Bahçeli, Erdoğan’ın o sözlerinin ardından bir basın açıklaması yaptı. Açıklama, “Erdoğan’ın yolundan caymaya hakkı yoktur” mesajıyla bir çağrı niteliği taşıyor ama satır aralarındaki bazı ifadeler nedeniyle aynı zamanda uyarı gibi de okunabilir.

Zira Bahçeli’nin “Derdi vatan ve millet olan bir cumhurbaşkanının yolundan caymaya hakkı yoktur” sözü, tersinden, aday olmadığı durumda Erdoğan’ı “vatan ve millet karşıtlığına” pozisyonlamaktadır.

Yine Bahçeli’nin “Tarihi geriye sarmak akıldışılıktır”, “Tarihin gerisine düşmek izmihlalle (yok olup bitme) eşdeğerdir” şeklindeki sözleri de dikkat çekicidir ve asıl önemlisi “Cumhurbaşkanlığı hükümet sisteminin kurum ve kurallarıyla kökleşmesi hususunda elbirliğiyle yapacağımız pek çok şey olduğu her türlü izahtan varestedir” demesidir.

ERDOĞAN'IN DERDİ

Erdoğan’ın “Tekrar seçilme veya tekrar aday olma gibi bir derdim yok” demesi, elbette inandırıcı değil. Sorulara önünde yazılı bir kâğıt olmadan verilen cevaplar sırasında, muhtemelen, cümlenin önündeki hedefi kuvvetlendirmek amaçlı bir söz bu.

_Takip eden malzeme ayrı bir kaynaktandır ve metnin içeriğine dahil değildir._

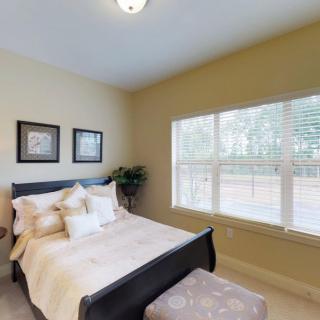 A cozy bedroom with a neatly made bed and large window providing natural light.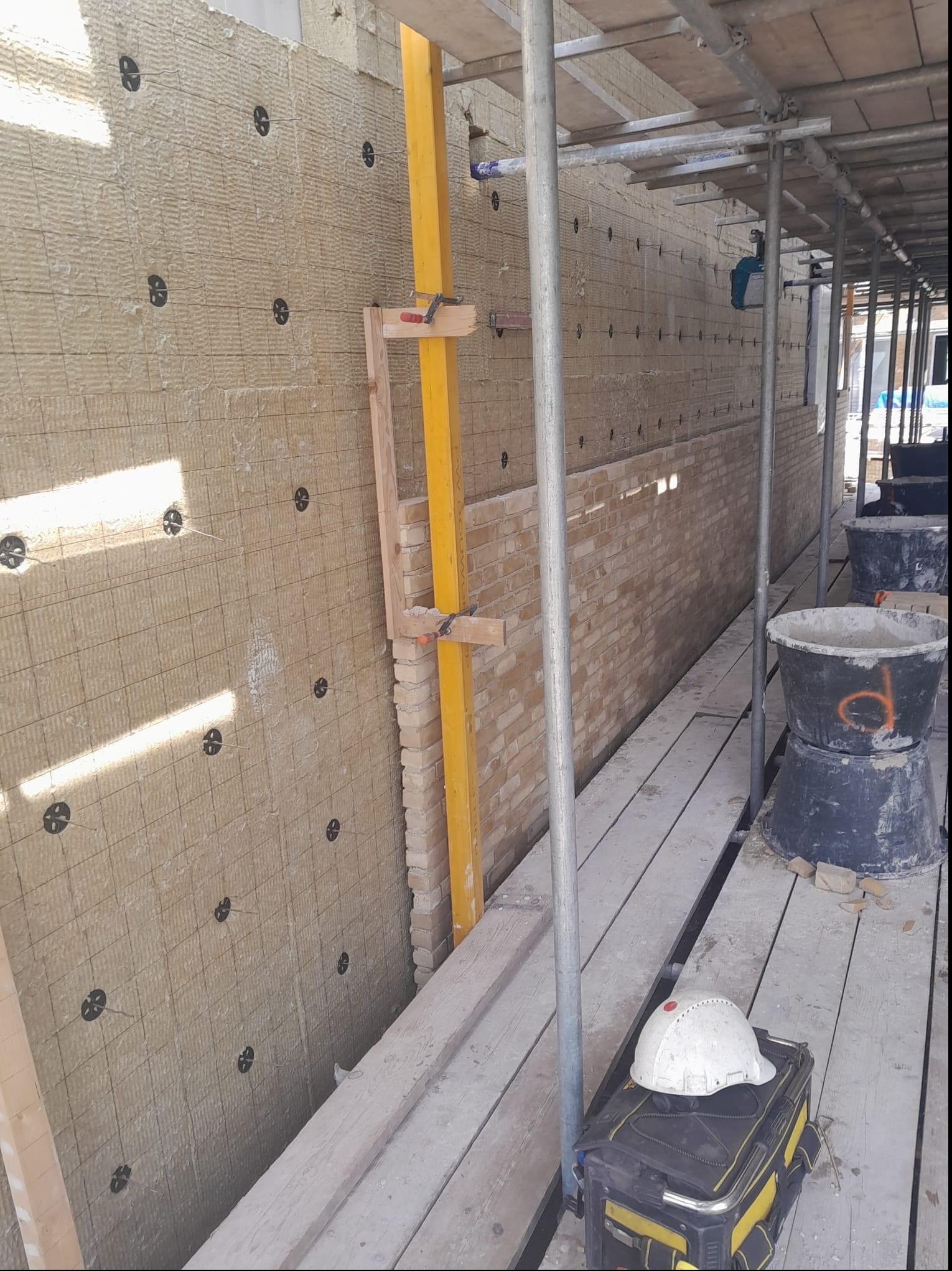 Ocieplanie ściany zewnętrznej wełną mineralną, widoczne rusztowanie, narzędzia i fragment muru z cegły. Prace na wysokości.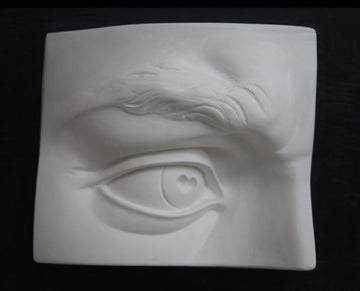 Photo of plaster cast sculpture of portion of face with right eye from Michelangelo's David statue on a black background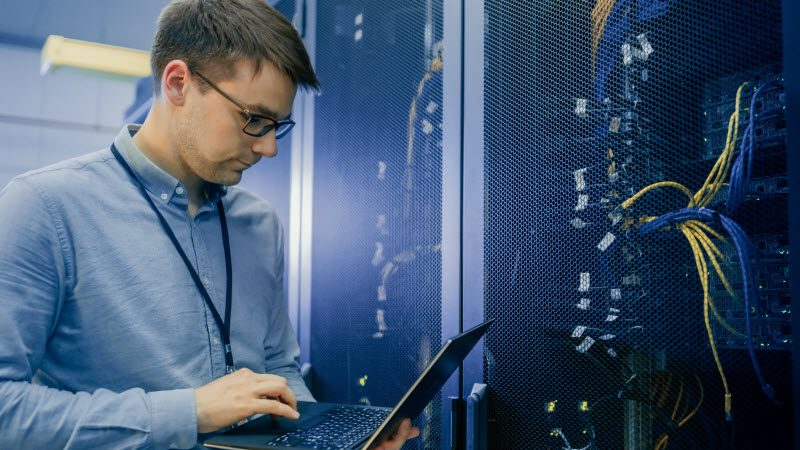 Data Center IT Engineer Stands Before Working Server Rack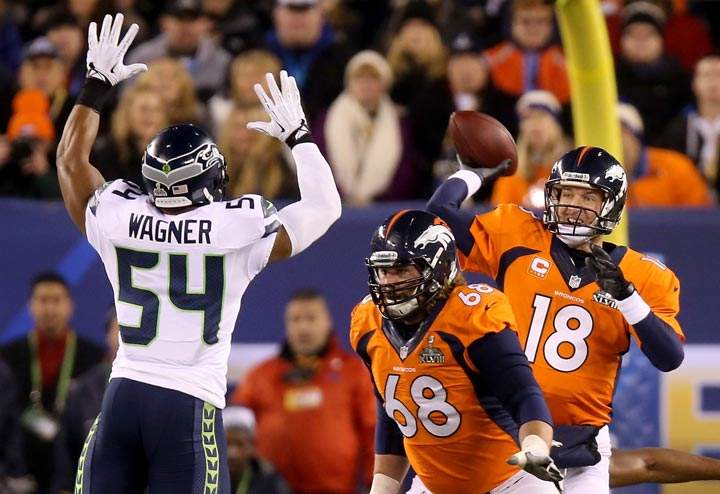 Quarterback Peyton Manning of the Denver Broncos throws an interception caught by strong safety Kam Chancellor and intended for tight end Julius Thomas of the Denver Broncos in the first quarter during Super Bowl XLVIII at MetLife Stadium on February 2, 2014 in East Rutherford, New Jersey. (Jeff Gross/Getty Images)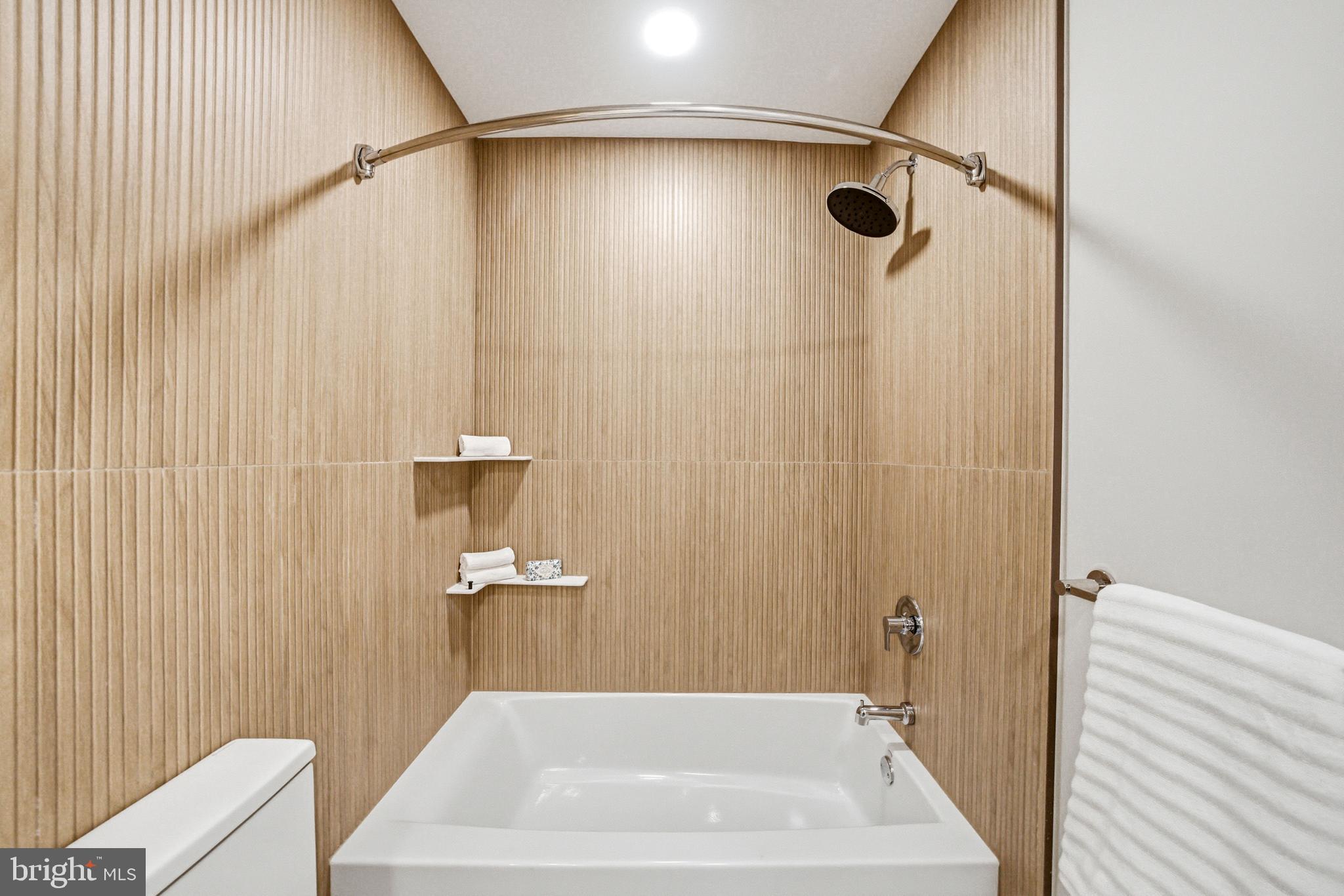 108 Avondale Avenue Haddonfield, NJ 08033 - Photo 47 of 65 a bathroom with a shower and a bath tub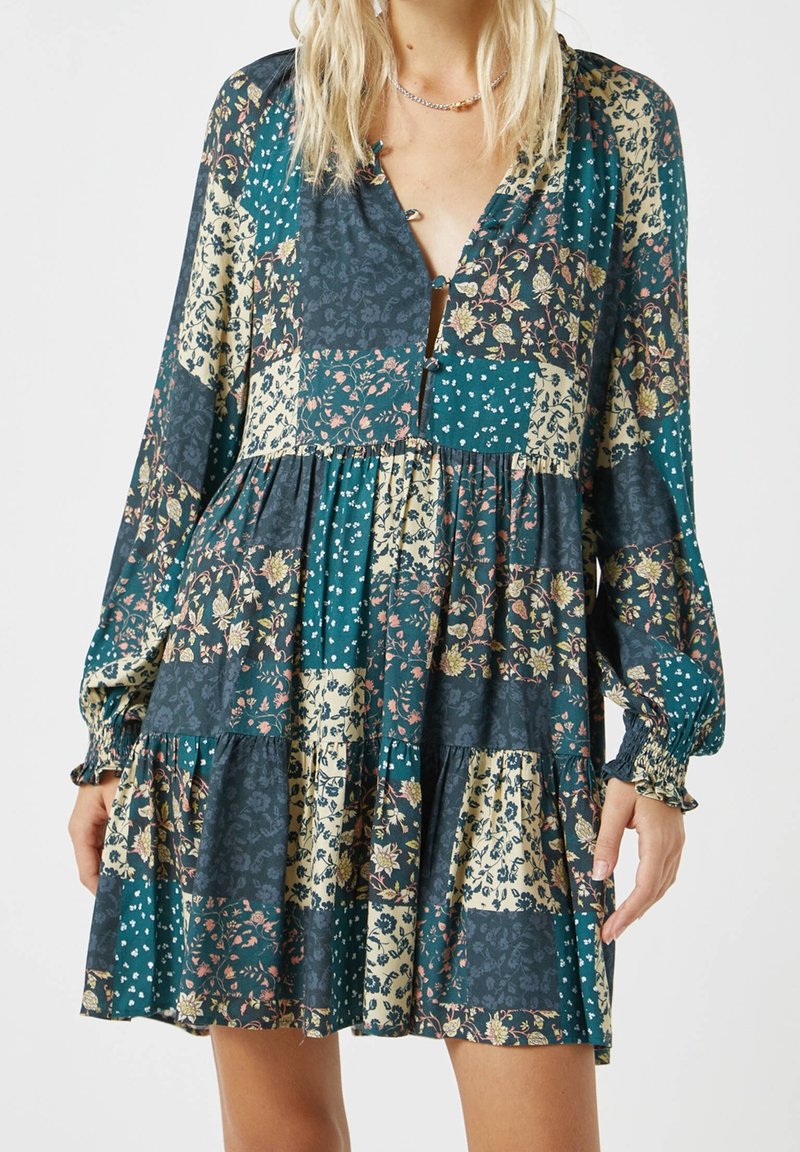 Robe à manches longues avec un décolleté en V, arborant un design en patchwork dans des motifs floraux et à pois teal, marine et beige. Jupe évasée et détail de boutons.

Çünkü Erdoğan bu sözün hemen öncesinde, “Yeni anayasayı kendimiz için değil, ülkemiz için istiyoruz” demektedir ve “kendisi için istemediği” iddiasına inandırıcılık kazandırabilmek için de arkasından “tekrar seçilme veya tekrar aday olma gibi bir derdim yok” demiştir.

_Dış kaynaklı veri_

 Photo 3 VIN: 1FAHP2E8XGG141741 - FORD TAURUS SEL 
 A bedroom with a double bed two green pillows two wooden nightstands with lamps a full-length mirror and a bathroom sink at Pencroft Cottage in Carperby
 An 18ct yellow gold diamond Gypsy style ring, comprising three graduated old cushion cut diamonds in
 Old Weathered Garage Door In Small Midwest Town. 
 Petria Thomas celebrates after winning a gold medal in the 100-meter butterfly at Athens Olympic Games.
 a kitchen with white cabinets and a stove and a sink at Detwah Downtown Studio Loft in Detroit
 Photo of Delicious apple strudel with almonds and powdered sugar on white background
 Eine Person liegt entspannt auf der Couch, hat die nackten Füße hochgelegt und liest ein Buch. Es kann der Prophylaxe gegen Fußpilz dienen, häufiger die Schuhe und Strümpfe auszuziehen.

Erdoğan’ın tekrar aday olabilmek ve tekrar seçilebilmek diye bir derdi vardır ve o dert, bu kez gerçekten büyük bir derttir.

TÜRKİYE'NİN YENİ ANAYASAYA İHTİYACI VAR MI?

Asıl mesele de şudur: Türkiye’nin gerçekten yeni bir anayasaya ihtiyacı var mı? Yoksa asıl ihtiyaç, anayasaya uyan bir iktidar mıdır?

Unutulmamalı: AKP, 82 Anayasası’nın zaten dörtte üçünü değiştirmiş durumda. Üstelik, en önemli değişim, bir ihtiyaçtan değil, Erdoğan’a meşruiyet kazandırma gereğinden doğmuştur. Anımsayın, Bahçeli açıkça “madem Erdoğan anayasaya uymuyor, o zaman anayasayı Erdoğan’a uyduralım” diyerek o değişikliğin yolunu açmıştı.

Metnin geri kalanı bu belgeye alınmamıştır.